Dowództwo rosyjskiej Floty Północnej zapewniało, że 22 rakiety, które znajdowały się na „Kursku”, przetrwały katastrofę w doskonałym stanie. Okazało się jednak, że nie wszystkie. Wszystkie rakiety były umieszczone w specjalnych kontenerach – stanowiskach startowych pod zewnętrznym pancerzem okrętu. Na każdej burcie znajdowało się po 11 pocisków. Okazało się, że trzy kontenery z lewej burty są uszkodzone i wyładunek rakiet w sposób standardowy jest niemożliwy. Wszystkie były umieszczone tuż za pierwszym przedziałem, gdzie doszło do eksplozji, która spowodowała katastrofę jednostki.
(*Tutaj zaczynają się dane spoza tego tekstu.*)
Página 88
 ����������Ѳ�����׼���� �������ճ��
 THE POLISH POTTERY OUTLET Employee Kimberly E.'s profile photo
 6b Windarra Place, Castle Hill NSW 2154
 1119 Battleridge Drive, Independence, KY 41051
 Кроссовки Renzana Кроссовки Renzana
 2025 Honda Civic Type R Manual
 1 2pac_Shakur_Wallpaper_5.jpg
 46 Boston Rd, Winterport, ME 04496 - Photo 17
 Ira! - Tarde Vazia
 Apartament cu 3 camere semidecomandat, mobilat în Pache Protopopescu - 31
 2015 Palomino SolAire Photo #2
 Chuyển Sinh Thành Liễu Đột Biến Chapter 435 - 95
Prawdopodobnie trzeba będzie palnikami wycinać z pancerza całe stanowiska startowe wraz z rakietą. Na razie nie wiadomo ile pocisków z prawej burty, trzeba będzie poddać podobnej procedurze. Rakieta samosterująca „Granit” ma ponad dziesięć metrów długości, a w jej głowicy znajduje się 700 kilogramów trotylu.
Wicepremier Rosji Ilja Klebanow zapewnił, że prawdopodobnie za dwa miesiące poznamy dokładne przyczyny katastrofy okrętu. Według niego, ekspertom badającym wrak okrętu "udało się odkryć wiele nowego", czego nie wiedziano, kiedy "Kursk" znajdował się jeszcze na dnie Morza Barentsa. Z wraku „Kurska” wydobyto dotąd 47 ciał marynarzy.
Rosyjski atomowy okręt podwodny "Kursk" zatonął wraz ze 118 osobami załogi w wyniku eksplozji na pokładzie. Doszło do niej z niewyjaśnionych dotychczas przyczyn w sierpniu zeszłego roku na Morzu Barentsa. Po ponad roku od tragedii wrak - bez części dziobowej - został wydobyty i odholowany do suchego doku w Roslakowie koło Murmańska.